Todos temos direitos, a não ser que um dos maiores exércitos do mundo diga que não. Aí fica complicado, sabe? Guerra custa muito caro, e se não tiver algo para pagar por ela depois, não vai acontecer. Depois da Segunda Guerra Mundial, em tese dissemos que nunca mais. Na prática, dissemos que nunca mais para os países muito ricos e poderosos.

O cidadão americano, o inglês, o francês… esses têm acesso aos direitos criados pela ONU. Afinal, atrás deles está o exército mais poderoso da história. A OTAN garante a estabilidade das coisas, mas só para quem faz parte do clubinho ou está num território de grande utilidade para a aliança. Se você estiver fora desse grupo, as leis são mais… negociáveis. É curioso como a humanidade fez todo esse carnaval em cima da ONU para no final das contas continuar valendo a Lei da Selva.

Voltando ao começo do texto: muitos de nós fomos criados sob a ilusão que havia um acordo em vigência sobre direitos e regras básicas de convivência entre as nações. Não era valorização da vida humana, era uma potência tão absurdamente acima das outras que praticamente ninguém se importava em desafiar. O crescimento da China começou a mudar essa lógica. A Rússia acha que tem suporte suficiente dos chineses para começar a importunar a Pax Americana. É mais do que uma invasão: é um teste.

Não só para os exércitos envolvidos, mas para algumas gerações que estão começando a herdar os postos mais altos de poder do mundo. O mundo a partir daqui vai continuar acreditando que a paz e a estabilidade são desejos universais? Ou será que o pragmatismo vai tomar conta e todo mundo vai ter que correr para se armar o máximo possível para lidar com o fim de uma era de estabilidade forçada pelos americanos?
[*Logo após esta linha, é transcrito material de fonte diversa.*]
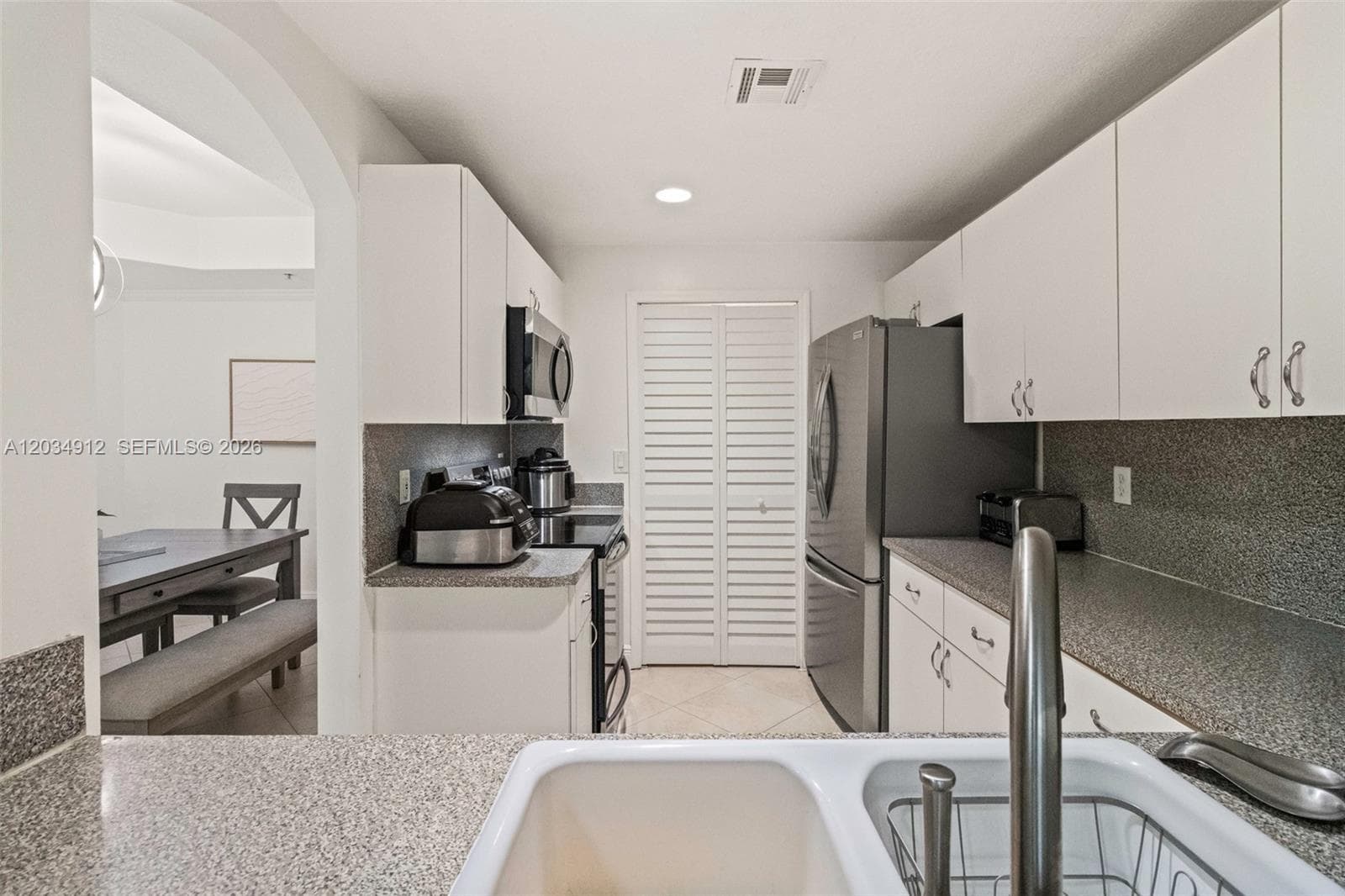 6540 NW 114th Ave # 1423, Doral, FL 33178 photo 5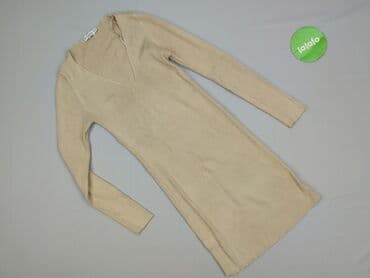 stradivarius wyprzedaż sukienki: Stradivarius, Сукня жіноча, розмір S — 11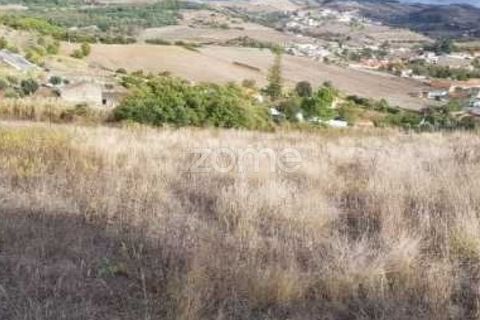 Helårsgrund i Mafra, Lisbon, Mafra - € 175.000 | Ref: ZMPT567301 - foto 3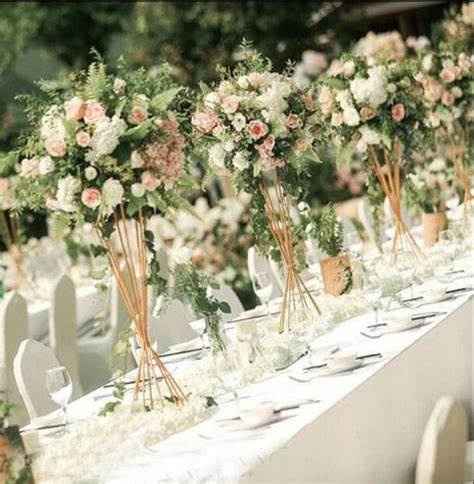 Centre de table - 6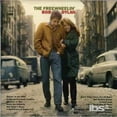 thumbnail image 2 of Freewheelin Bob Dylan & Greatest Hits Vol.1 [CD Bundle], 2 of 3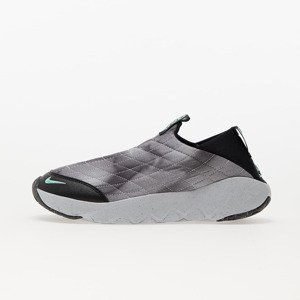 Tenisky Nike ACG Moc 3.5 SE Black/ Green Glow-Black-Pure Platinum EUR 38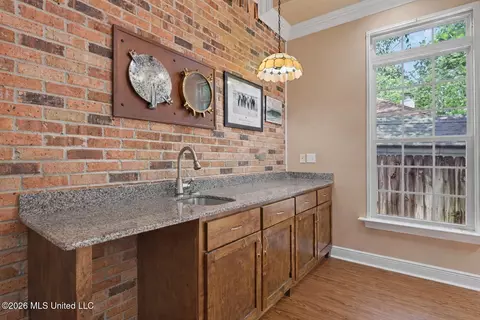Other - 89357 E Diamondhead Dr, Diamondhead, MS 39525 photo 10 of 11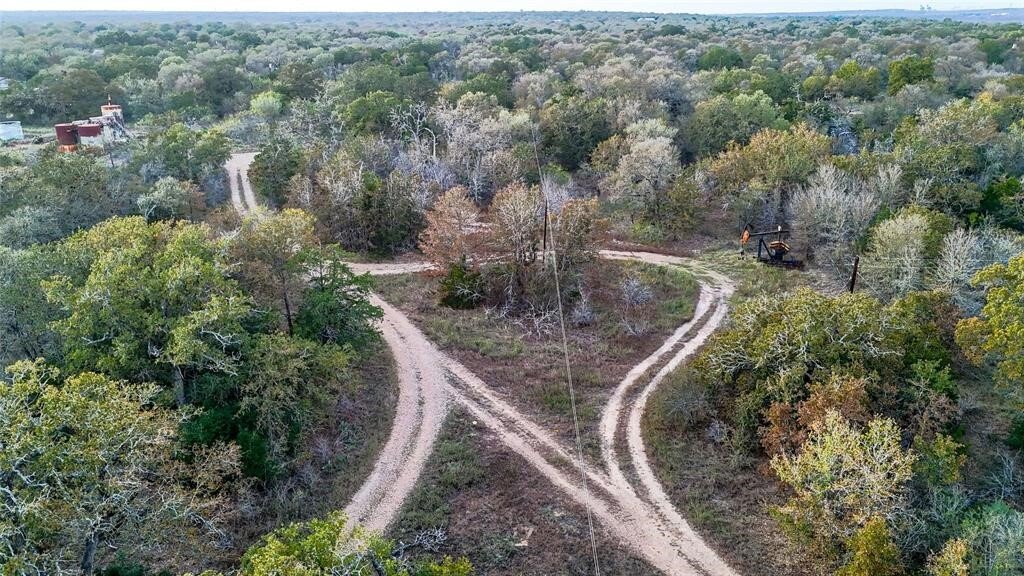 Land in Cedar Creek, Texas, United States 2 - 18223634
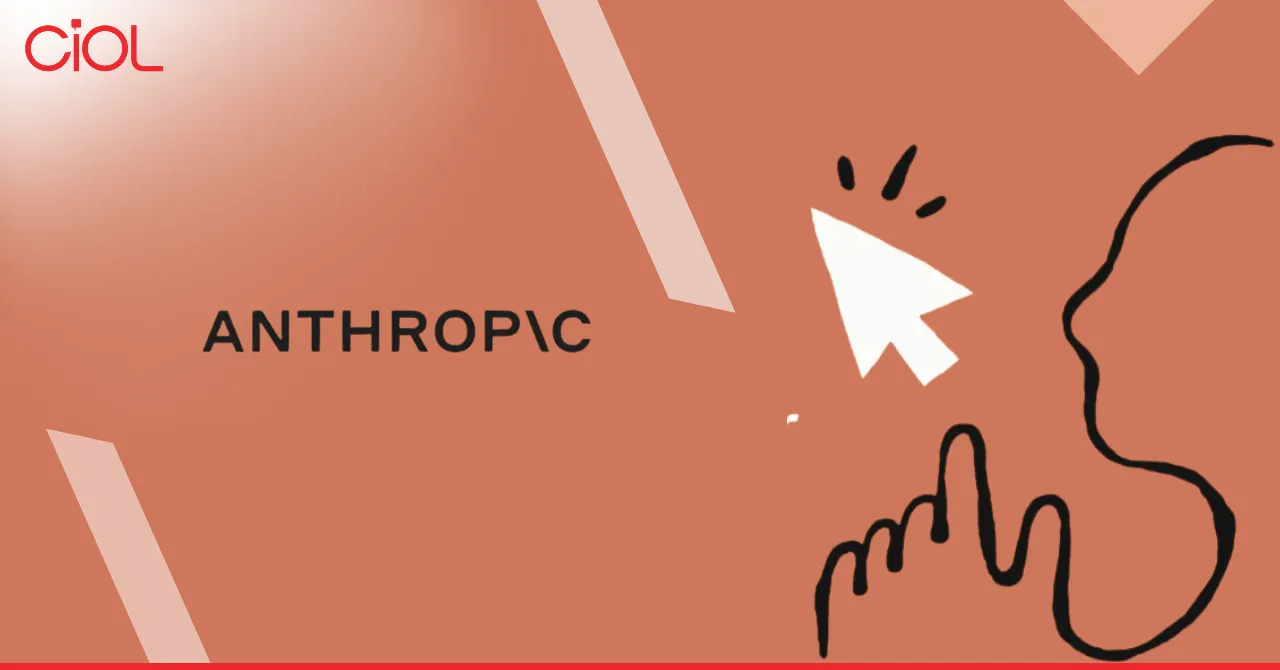 Anthropic  AI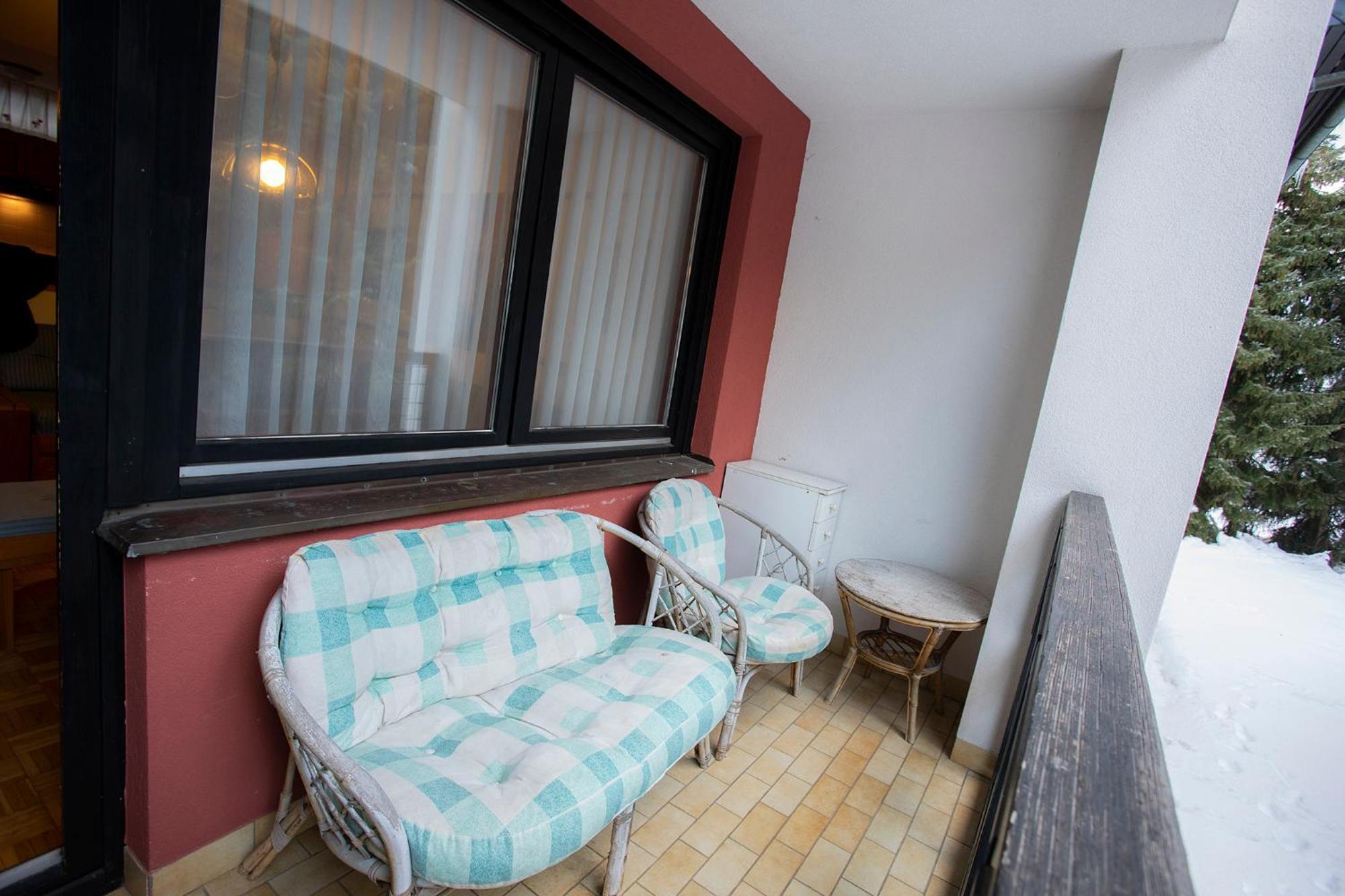 Apartments Baki Kranjska Gora Pokój zdjęcie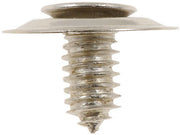 Screw Dorman-AutoGrade 700-104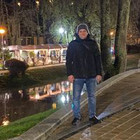 Леонид Изотов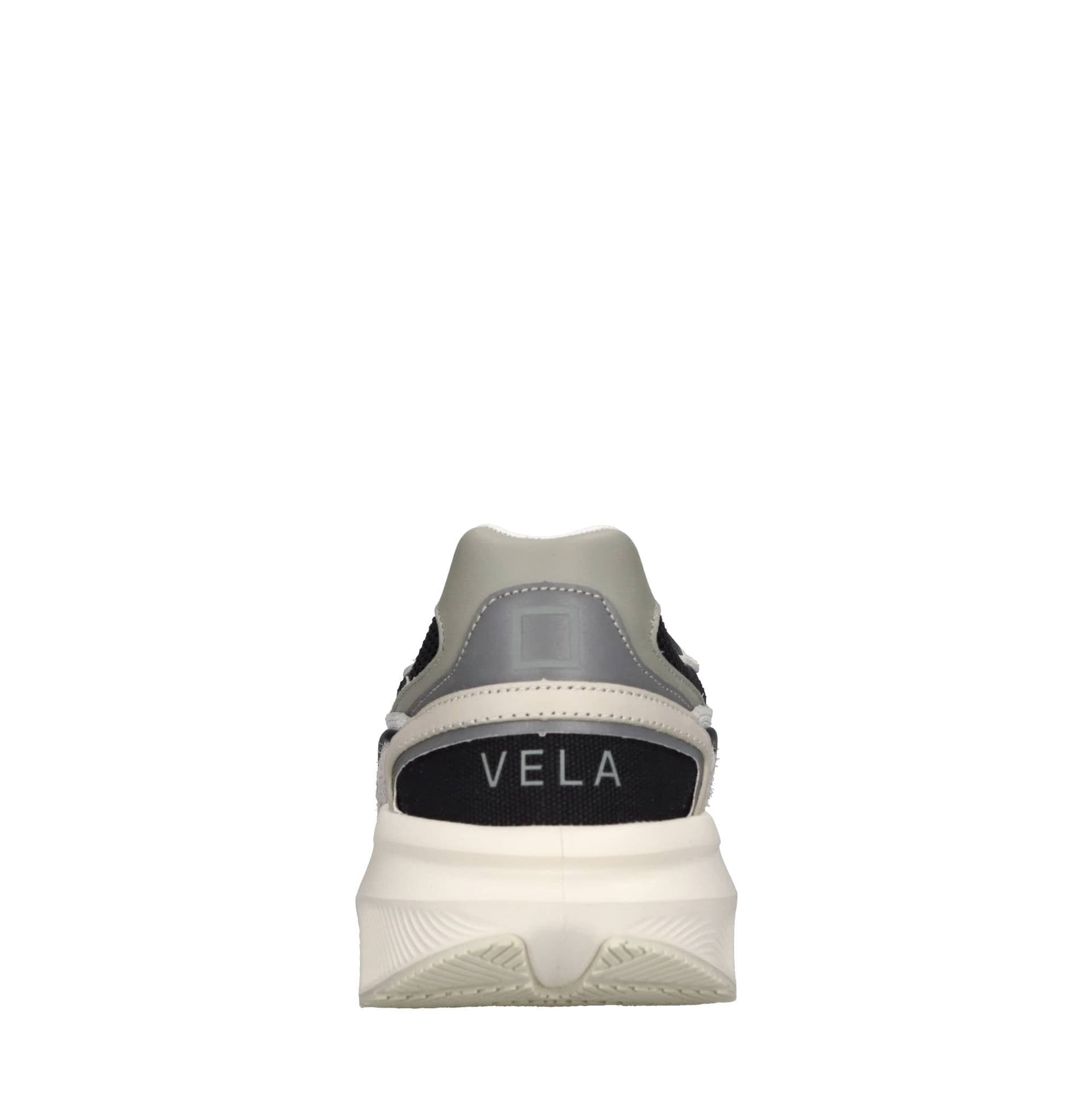 D.A.T.E. Sneakers Multicolour da uomo in Sneaker casual Drestige - Casamassima, commercioVirtuoso.it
O idealismo sofre nessas horas. A Rússia está dizendo para o mundo que é melhor comprar um revólver, porque o xerife com o qual nos acostumamos a contar só vai proteger ele e seus amigos. E se você acha que eu estou defendendo a Rússia nessa invasão, você não entendeu nada sobre a lógica expressada aqui: Putin está dando sinais claros de líder maluco que começou a acreditar nas próprias mentiras. Se serve para nos abrir os olhos sobre quão precária era a paz que vivíamos, é apenas uma consequência.

Se a Rússia não for parada, podemos realmente estar vendo o fim de uma das mais longas era de paz continuada da nossa história. Uma que nos fez subir vários degraus da escala evolutiva social e que vai deixar saudades, não por sentir falta do domínio absoluto americano, mas porque por um tempo, eles nos obrigaram a olhar em outras direções.